The two best-protected biomes are temperate conifer forests and montane grasslands and shrublands, although these are among the least modified land-cover types. However, some of the most modified biomes, the temperate grasslands, savannas, and shrublands and mediterranean forests, woodlands, and scrub, are the least protected. The authors created a conservation risk index, the ratio of percentage of area converted to percentage of area protected, to rank biomes according to which are in a critical state. The most modified and least protected biomes listed above lead the list, with tropical and subtropical dry broadleaf forests close behind.
The finer-scale, ecoregion analysis classified regions into critically endangered, endangered, and vulnerable categories; 305 of the 810 ecoregions fall into one of these at-risk categories. The general trend that emerges indicates that, as the percentage of area being converted increases, habitat protection in these areas declines.
The authors argue that conservation efforts clearly need to take a larger view of ecological diversity to protect areas currently at greatest risk.“Species-centric conservation has garnered the lion's share of attention and resources,” Hoekstra says.“As a consequence, and as our analysis revealed, we risk losing entire ecosystems whose only ‘fault’ is that they don't have long species lists.” Efforts to protect biodiversity hotspots, for example, focus too narrowly on species diversity without recognizing the importance of ecological function and ecosystem services.

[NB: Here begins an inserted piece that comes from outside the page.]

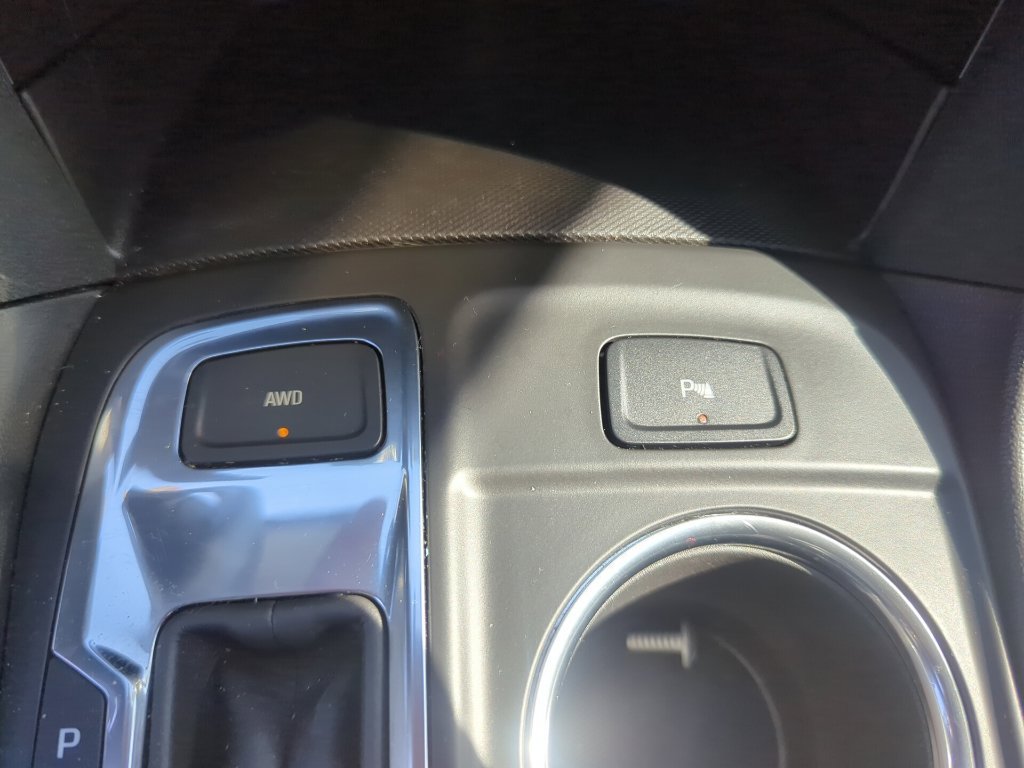 Certified 2024 Chevrolet Equinox LT w/ LPO, Floor Liner Package AWD/4WD image 24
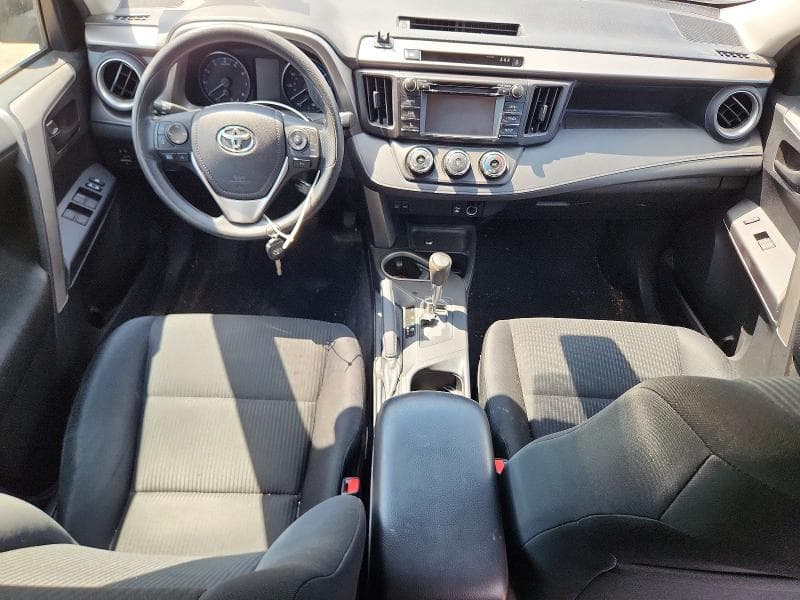 2017 TOYOTA RAV4 LE 8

Hoekstra advocates a diversified approach to allocating finite resources, not a “one-size-fits-all” solution. “That may mean that the species list is not maximized, but neither would entire ecosystems be so neglected as they have been…. I hope that our analysis will focus greater attention on what is presently a large and significant gap in our collective conservation efforts.”
SPECIES RICHNESS
The latitudinal gradient of taxonomic diversity is the subject of another study of global geographic patterns. A group of North American and European scientists was brought together by the National Center for Ecological Analysis and Synthesis, at the University of California–Santa Barbara, to focus on energy and geographic variation in species richness. Their stated goal is “to convert what is currently a haphazard approach to testing geographic variation in species diversity into a systematic search for underlying causes.”
In the December issue of Ecology Letters, they publish an analysis of the underlying causes for the observed relationship between climate and species richness. The primary hypothesis they evaluate—and reject—holds that more productive areas support more individuals and therefore more species; this is known as the energy–richness hypothesis.
The authors generated seven testable predictions and evaluated them using published data sets of birds (the North American Breeding Bird Survey), butterflies (the Fourth of July Butterfly Count), and trees (surveyed by Alwyn Gentry on several continents, primarily in the Neotropics). They found, for example, that over broad scales, the number of individuals and the number of species do covary, but rare species accumulate more rapidly than the increase in individuals can account for. In general, the proposed mechanisms for linking productivity and species richness fail to pan out.
Two modifications of the hypothesis are then proposed and evaluated to the extent possible. The physiological tolerance hypothesis posits that species have limited tolerances for more extreme climates. The speciation rate hypothesis states that speciation rates increase as climates become warmer and wetter; the predictions stemming from this hypothesis included both evolutionary and ecological mechanisms. Evidence to test the various predictions is limited, and what is available is mixed. Though the authors conclude that further tests are needed, they are optimistic that molecular systematics will soon help resolve which mechanisms are at work behind climate–richness relationships.